Osteosarcoma is characterized by an abundance of genomic aberrations (3). In the present study, a comprehensive analysis of microRNA data and CNV microarray data was performed to identify miRNAs, and genes associated with the pathogenesis of osteosarcoma. A total of 149 differentially expressed miRNAs, including 13 down- and 136 upregulated, in the GEO GSE65071 dataset were identified. For the GEO GSE33153 dataset, 987 CNV regions were identified. In addition, a miRNA-gene regulatory network of 761 overlapping genes out of 3,635 genes in 987 CNV regions and the genes in 7,313 miRNA-gene pairs was constructed.
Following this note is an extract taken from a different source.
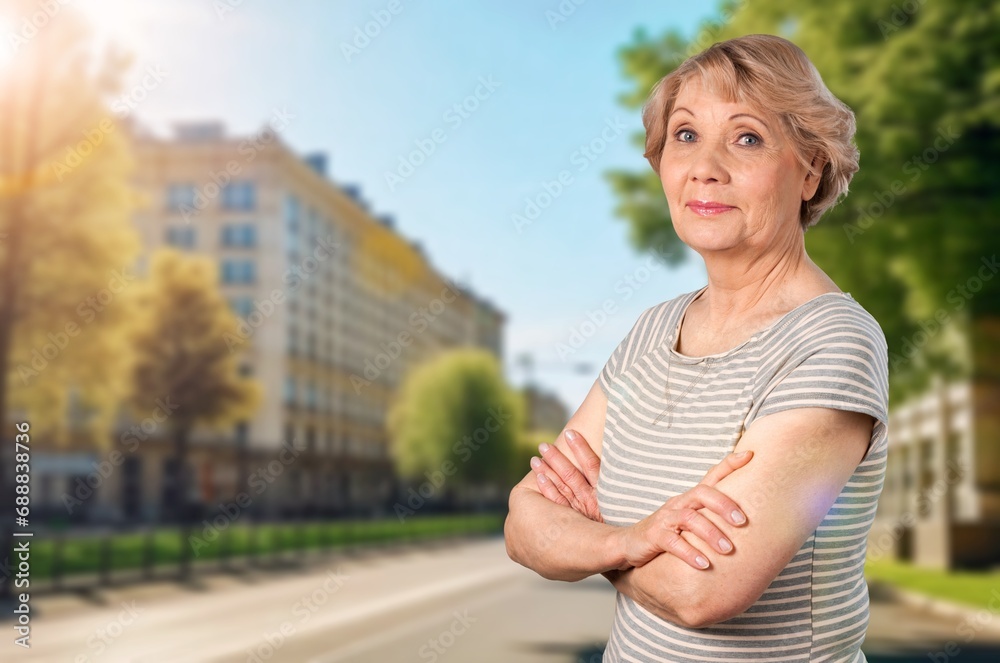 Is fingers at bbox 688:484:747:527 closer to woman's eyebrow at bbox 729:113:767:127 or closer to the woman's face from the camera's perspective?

Concurrently, miRNAs (hsa-miR-27a-3p, hsa-miR-124-3p, hsa-miR-9-5p, hsa-miR-182-5p, hsa-miR-26a-5p) and genes [fibroblast growth factor receptor substrate 2 (FRS2), coronin 1C (CORO1C), forkhead Box P1 (FOXP1), cytoplasmic polyadenylation element binding protein 4 (CPEB4) and glucocorticoid induced 1 (GLCCI1)] with the highest degree of overlap in the miRNA-gene regulatory network were identified. Higher degrees represent an increased level of association to the development of osteosarcoma. Therefore, hsa-miR-27a-3p, hsa-miR-124-3p, hsa-miR-9-5p, hsa-miR-182-5p, hsa-miR-26a-5p, FRS2, CORO1C, FOXP1, CPEB4 and GLCCI1 may contribute to the pathogenesis of osteosarcoma.

The expression of hsa-miR-27a-3p serves an important role in the development of a number of types of cancer, including breast and pancreatic cancer. The expression of hsa-miR-27a-3p was positively correlated with a hypoxia gene signature in breast cancer (26). The inhibition of hsa-miR-27a-3p expression may exhibit potentially antiproliferative effects in pancreatic cancer (27). In addition, hsa-miR-27a-3p was considered as a candidate biomarker for Alzheimer's disease (28). However, the correlation between hsa-miR-27a-3p and osteosarcoma has not been widely investigated. In the present study, hsa-miR-27a-3p was identified as a hub gene with a high degree of association in miRNA-gene regulatory network. In combination with previous studies, the present study hypothesized that hsa-miR-27a-3p may serve a role in the development of osteosarcoma.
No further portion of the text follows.